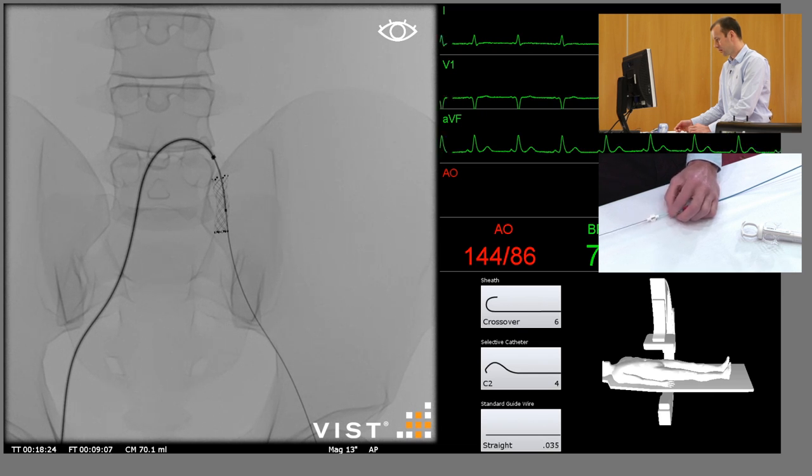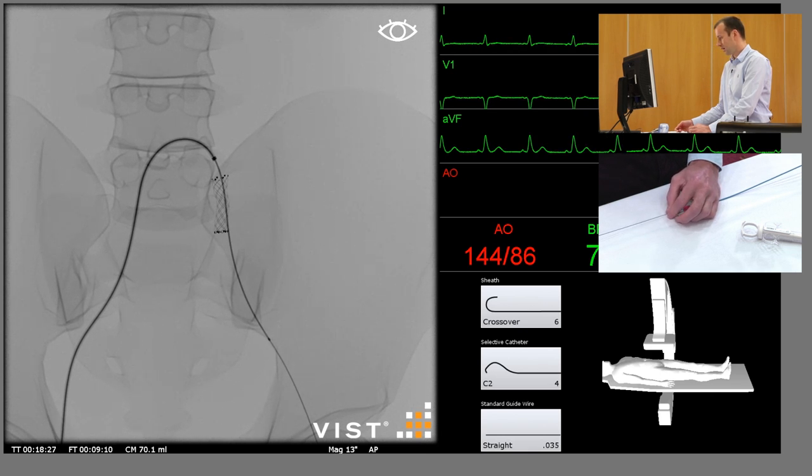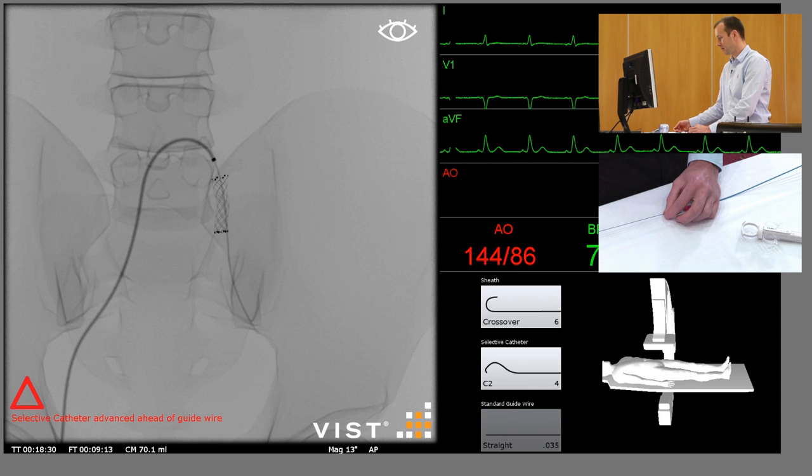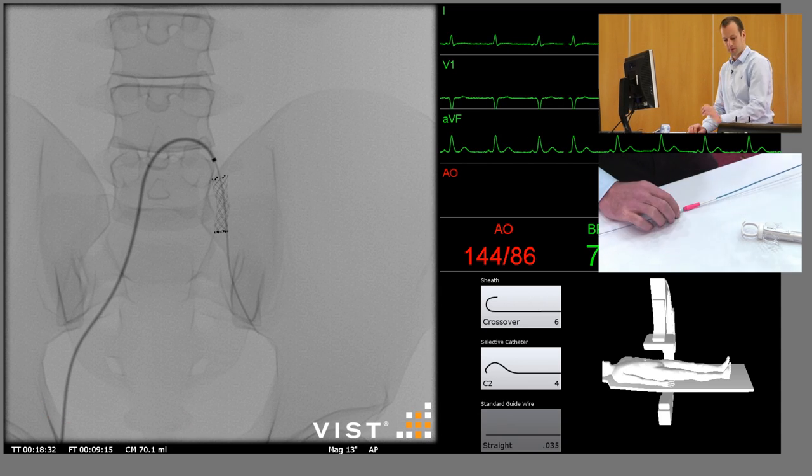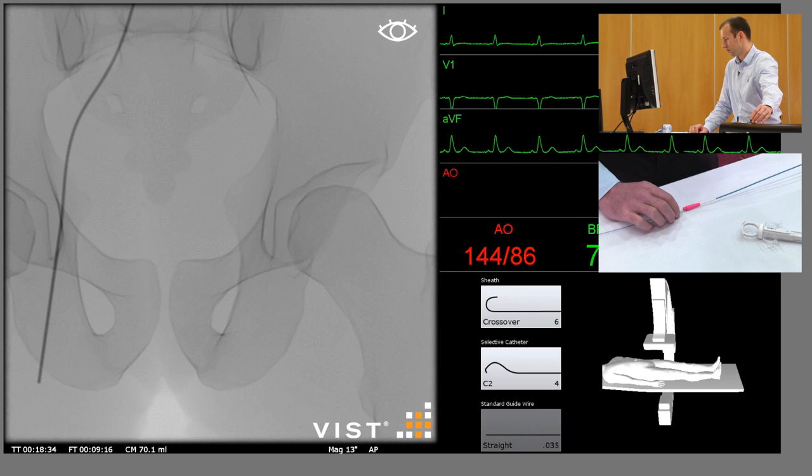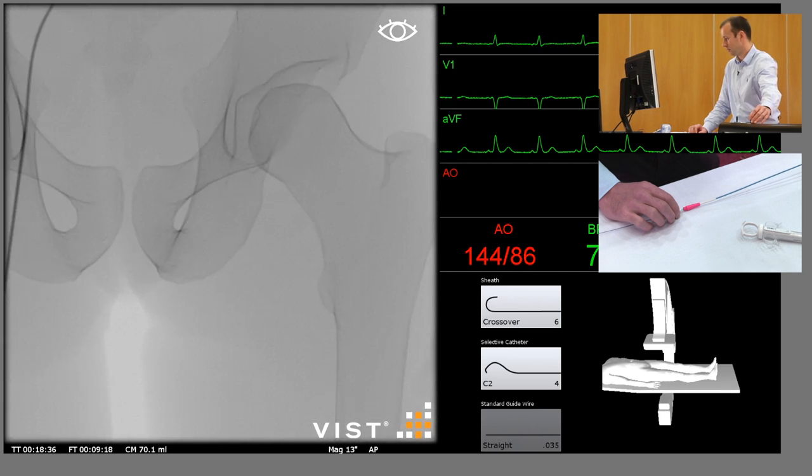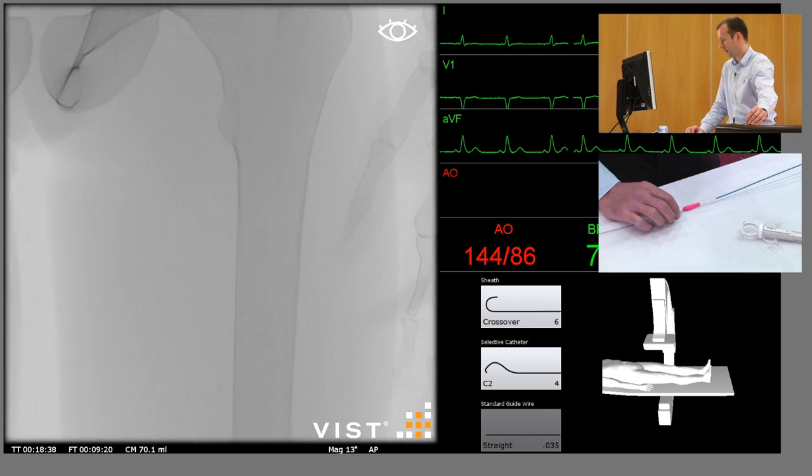Past the lesion we've just treated, into the external iliac artery. Remove the guide wire, center the image intensifier further south.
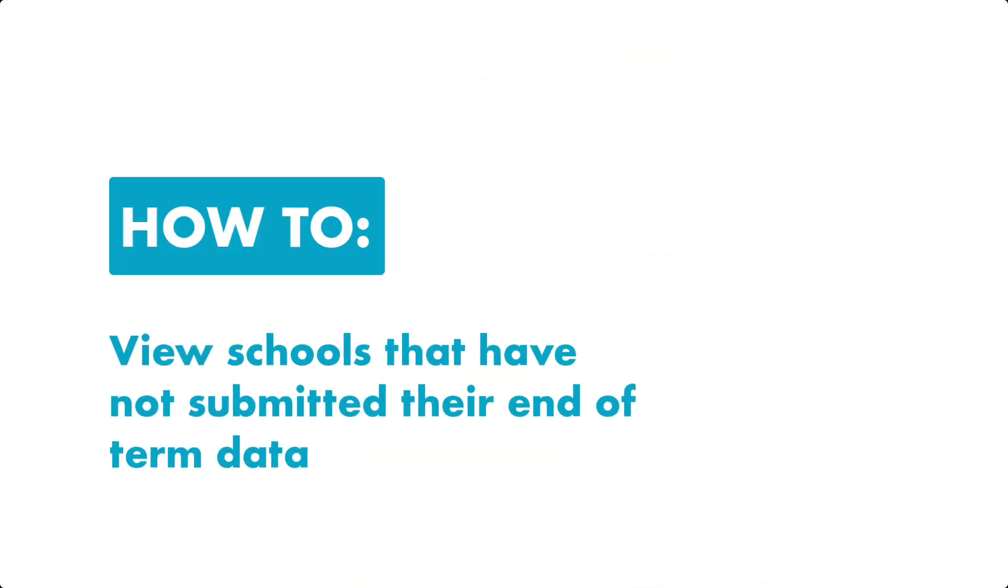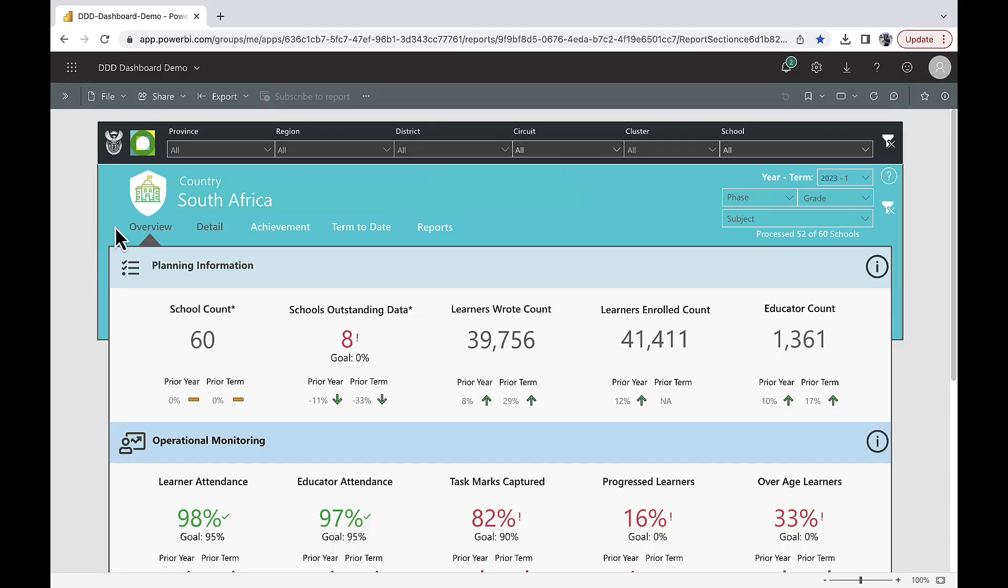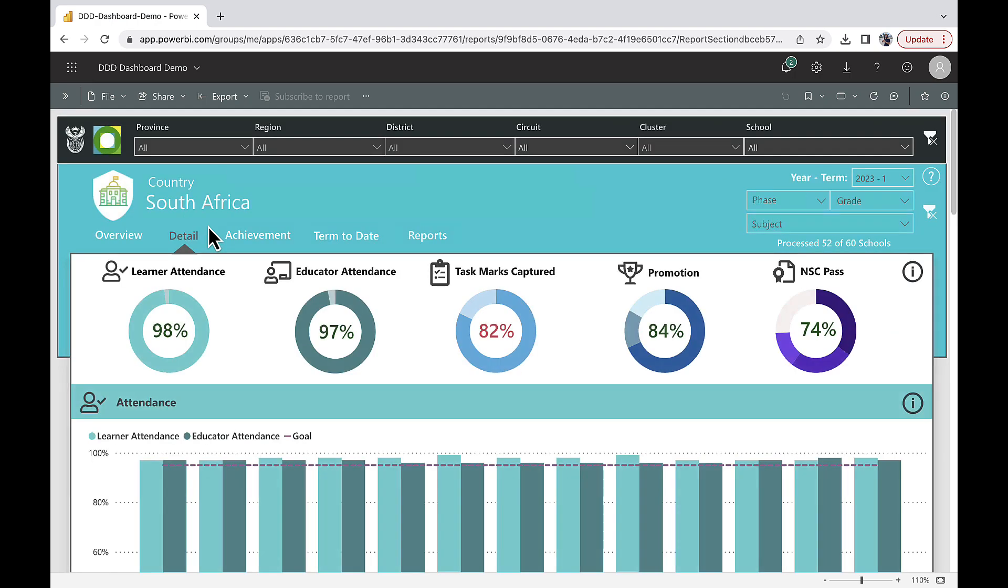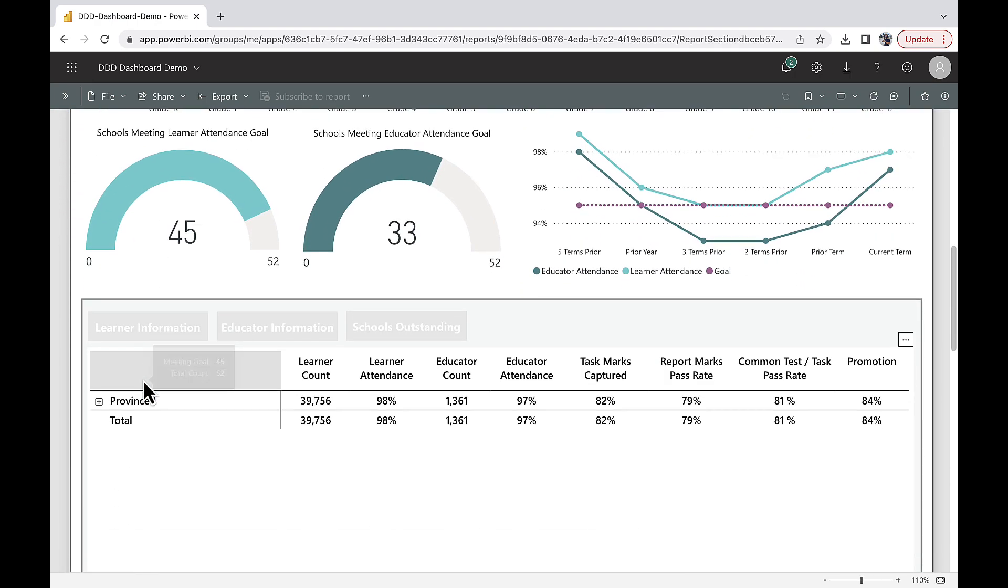How to view schools that have not submitted their end-of-term data. Once you've logged on to the dashboard, click on the Detail tab, then scroll down to this table.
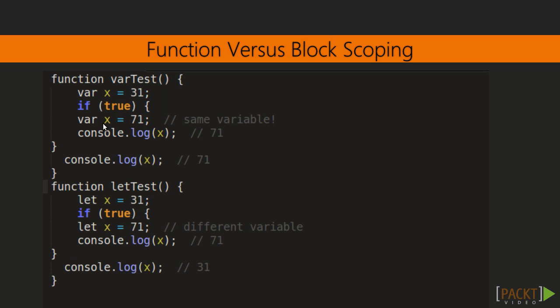Same in the second function, let is not available in the function scope. Outside the block of x equals 71, value is getting printed as 31 only. x equals 71 is declared inside block only, so it will not be available outside that block.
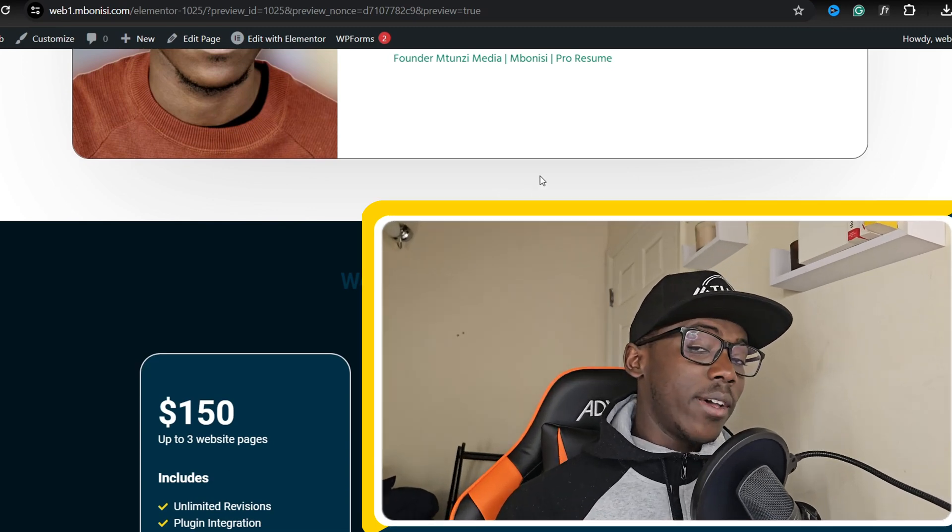So guys if this video was helpful, useful, or maybe you are looking for a web designer, you know you can get in touch with me so that they can have some work to do. Thank you for watching, bye for now.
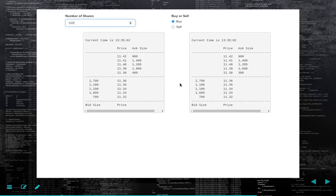Market orders take liquidity away from the market. Generally, if you submit market orders, you are termed a taker — as in taking liquidity — and your fees are a little bit higher. Looking at Coinbase for example, the taker fees were 0.6% and the maker fees are lower at 0.4%. After our order goes through, there's less liquidity in the order book.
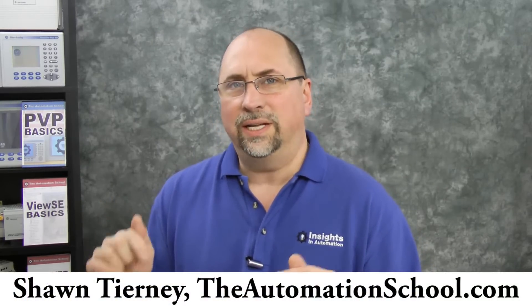Hey everyone, Sean Tierney here from theautomationschool.com, and in today's episode, I'm going to show you how to send data from a MicroLogix 1400 across Ethernet to a Slick 505, and we're going to do it by using the message instruction.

* _Problem to solve_: Every line above should be transcribed word for word; leave the pictures out.

* _Response area_:
Past the lesion we've just treated, into the external iliac artery. Remove the guide wire, center the image intensifier further south.
How to view schools that have not submitted their end-of-term data. Once you've logged on to the dashboard, click on the Detail tab, then scroll down to this table.
Same in the second function, let is not available in the function scope. Outside the block of x equals 71, value is getting printed as 31 only. x equals 71 is declared inside block only, so it will not be available outside that block.
So guys if this video was helpful, useful, or maybe you are looking for a web designer, you know you can get in touch with me so that they can have some work to do. Thank you for watching, bye for now.
Market orders take liquidity away from the market. Generally, if you submit market orders, you are termed a taker — as in taking liquidity — and your fees are a little bit higher. Looking at Coinbase for example, the taker fees were 0.6% and the maker fees are lower at 0.4%. After our order goes through, there's less liquidity in the order book.
Hey everyone, Sean Tierney here from theautomationschool.com, and in today's episode, I'm going to show you how to send data from a MicroLogix 1400 across Ethernet to a Slick 505, and we're going to do it by using the message instruction.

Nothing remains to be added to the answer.